Two cats recently joined the household.
Jericho (a.k.a. Jerry) is a 17-year-old pale-yellow fluffy character with a vaguely Maine Coon look to him. (Maine Coons are highly popular in this neck of the woods – they are, you might say, the official cat of New England.) He looks like a toy lion come to life.
Merci is a 12-year-old calico whose person recently died. She’s good with me, but she doesn’t play well with other felines. So she mostly stays in my study, sleeping in my inbox and keeping me company at the computer. She is in kidney failure.
In all probability, neither newcomer will be here very long. Merci is pretty boney, her stomach gets upset easily and she’s hitting the water bowl frequently.
Jerry is a happier camper, content with pats, an occasional treat (boiled chicken or a helping of wet cat food) and the lair he has made for himself under a bureau in the breezeway. But he is also an elderly gent and has lost a lot of weight and tone since I first met him 4 years ago.
For both of them, this is a sort of way station, a last post before heading over the Rainbow Bridge. In other words, we’re talking hospice.
When facing the inevitable loss of an elderly pet, it’s important to stay in the moment and not let your mind rush wildly ahead to that last visit to the veterinary clinic and how you’re going to bear the emptiness afterward.
When the time comes, you’ll find a way to deal with all those last things, same as you do with a human loss.

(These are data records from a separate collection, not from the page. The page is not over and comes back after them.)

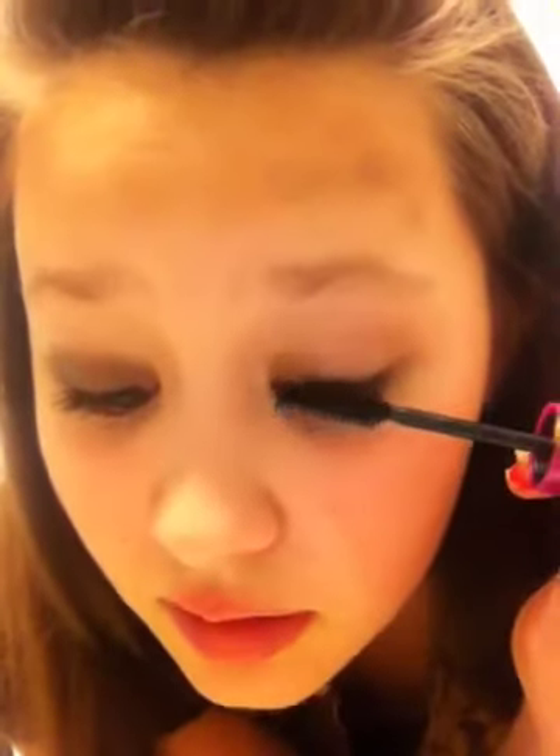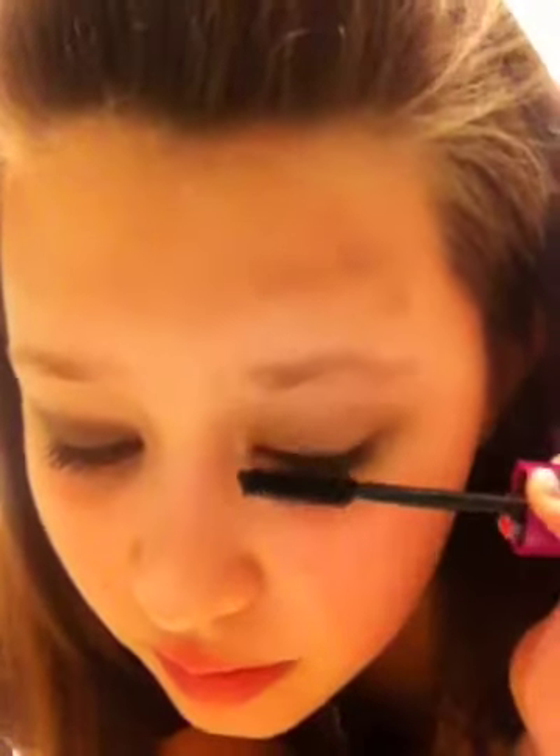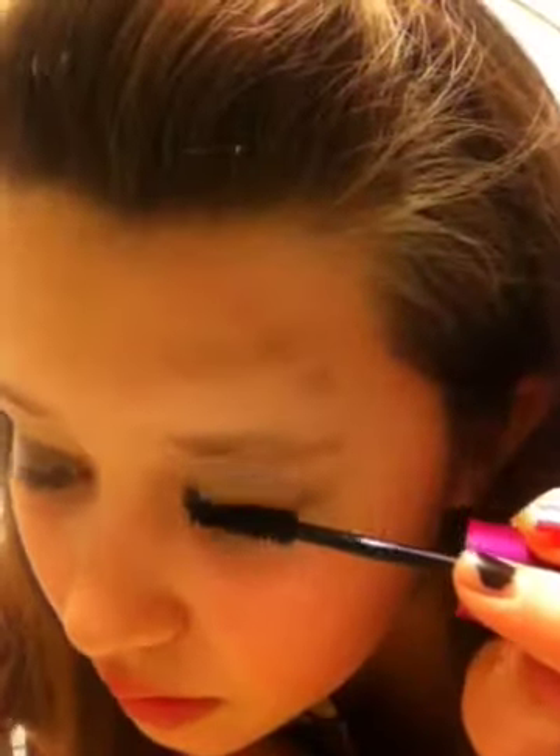Then you take the mascara and you look down so you won't get mascara on your eye, and you just apply it. As you can see, it makes your eyelashes look longer. You can see the illusion of your eyelashes looking longer.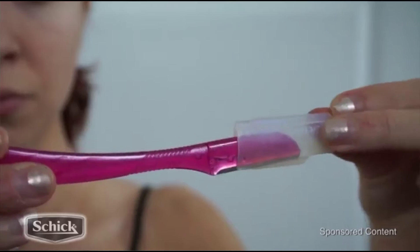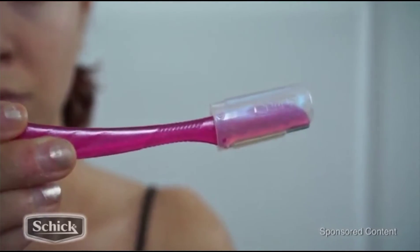Now they do also come with another little attachment that you can slide right on top of the blade. This is great for precision eyebrow shaping. I'm just going to go right into my eyebrows — there are little hairs under here and I'm going to clean those up.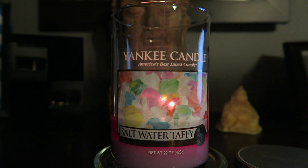Hey guys, I'm here with a review for Saltwater Taffy by Yankee Candle. This was one of their summer scents for 2015. I'm finishing up my summer scents, so I figured I would do a review of this one. This is the 22-ounce two-wick tumbler. The description reads: 'A seaside tradition — all your favorite fruit flavors and creamy vanilla all rolled into one.'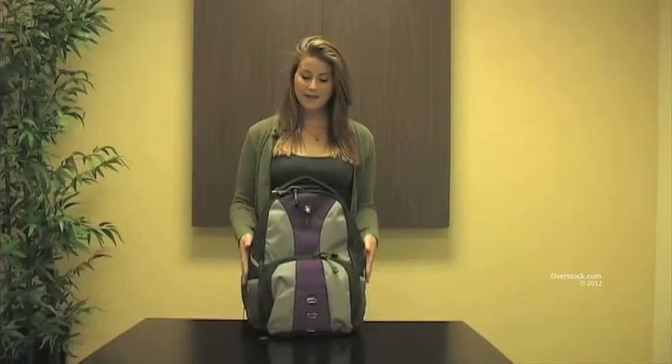Hi, this is Katya Dergum. Today we're looking at the Wenger Swissgear Jasper Backpack. This is the purple and gray model and it's made out of ballistic nylon.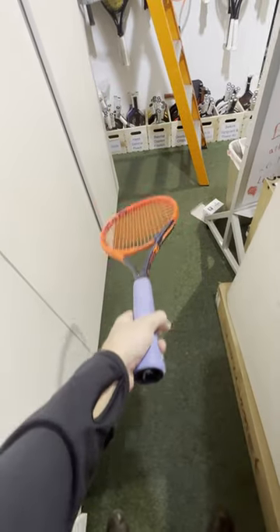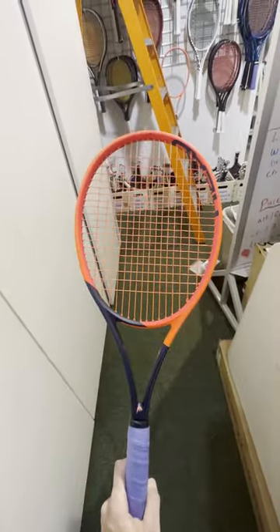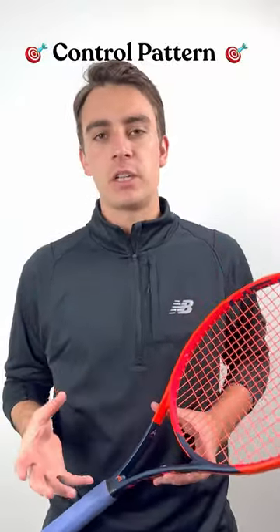From a spin perspective, this version of the Radical hasn't changed all that much. It's got a 16x19 string pattern that Head labeled a control pattern, which is basically just a 16x19 that gets a little bit tighter in the middle of the string bed. It feels a lot more solid and stable from the back of the court than some spin monsters like the Pure Arrow or the Extreme.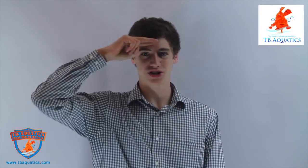Thanks for watching this review — I hope it was helpful. You can get the ReefLink or any other of Ecotech's great products from TB Aquatics. There's a link to their website in the description below. Thanks for watching again, and remember to keep those nitrates low. George out.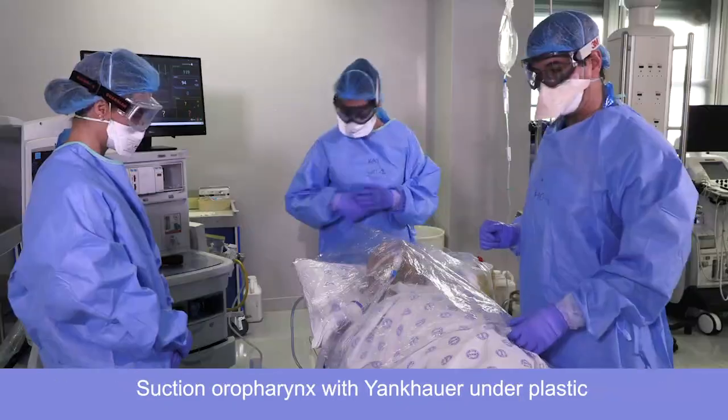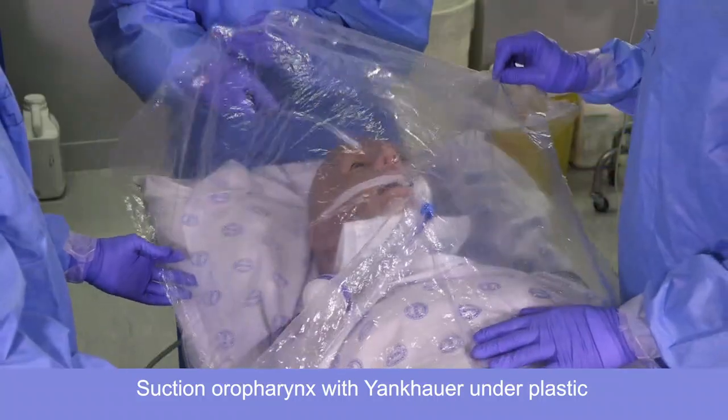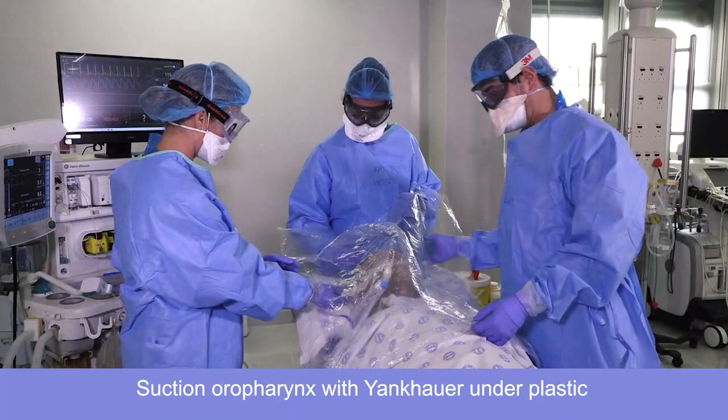Can you suction the patient's airway for us please? Marietta, if you could get the mask and the syringe to deflate the cuff ready. Your mask and your syringe is ready.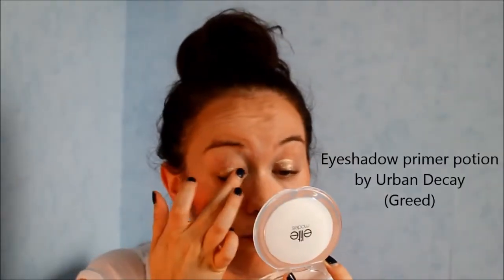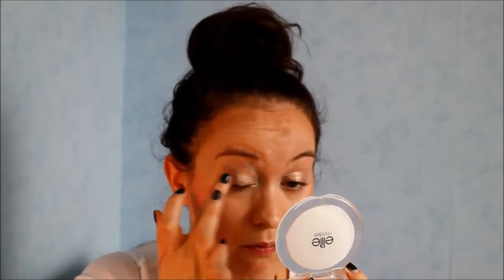Now the eyes. I start with my eyeshadow primer potion from Urban Decay. I love the color of this Naked Eye palette from Too Faced, but I don't like their intensity. I use first Burning Suit on the whole lid.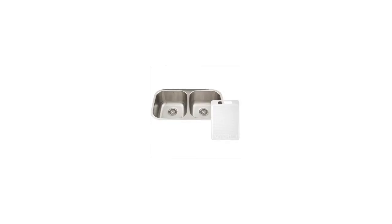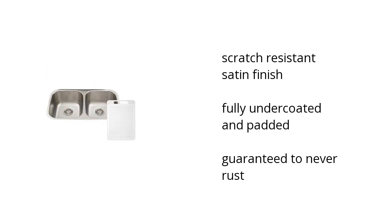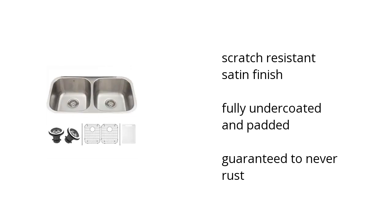Hi, I'm Denise with the Buzztala Marketplace. Here's what you need to know about the Vigo 32-inch under-mount stainless steel 18-gauge double bowl kitchen sink, grids and strainers on sale at Sam's Club.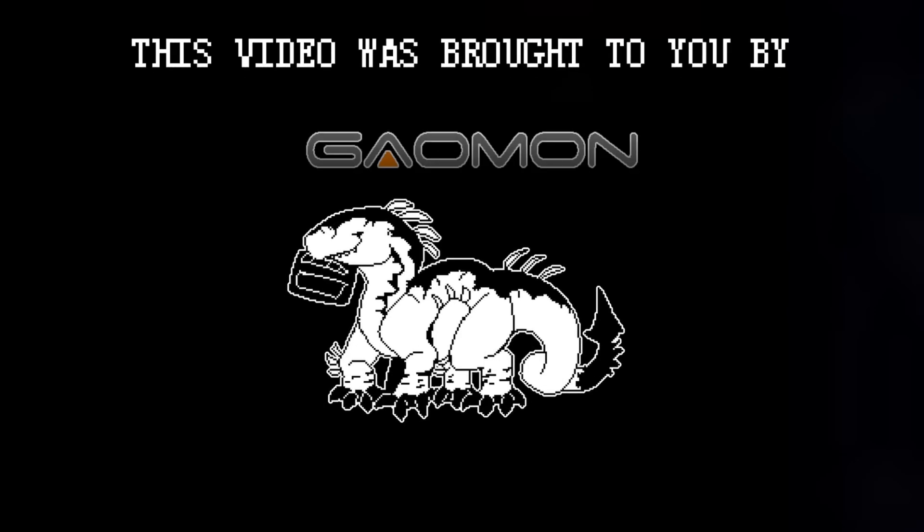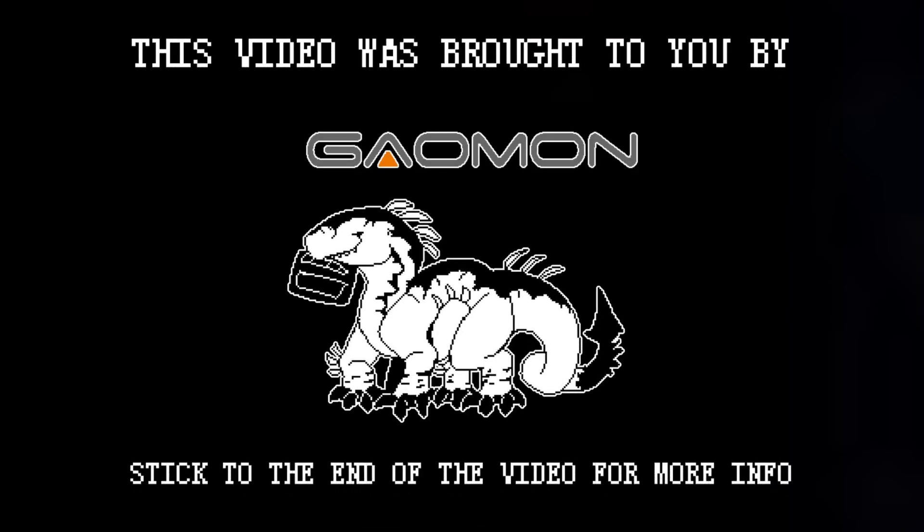This video was brought to you by Gaomon. Stick to the end of the video for more info.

Mercy is a vital word to keep in mind during this. “Mercy requires not doing what is convenient, economical or practical at the moment, but rather what is called for on a very high level of consideration for another living, sentient being,” writes Rita Reynolds in her incredible book Blessing the Bridge: What Animals Teach Us About Death, Dying and Beyond.
“Mercy might mean administering euthanasia to ease pain and suffering,” Reynolds writes. “Or perhaps mercy means offering that extra measure of comfort, support, encouragement, food or medicine.”
More than anything else, she explains, it’s about “making the effort to center myself and find my inner peace. Then I can be still, to listen and accept whatever the animal asks for.”
Comfort and Love
There are lots of ways to give comfort and love to your elderly and/or dying feline: You can talk, read or even sing to them. The sound of your voice will soothe them and make them feel that they still have your attention.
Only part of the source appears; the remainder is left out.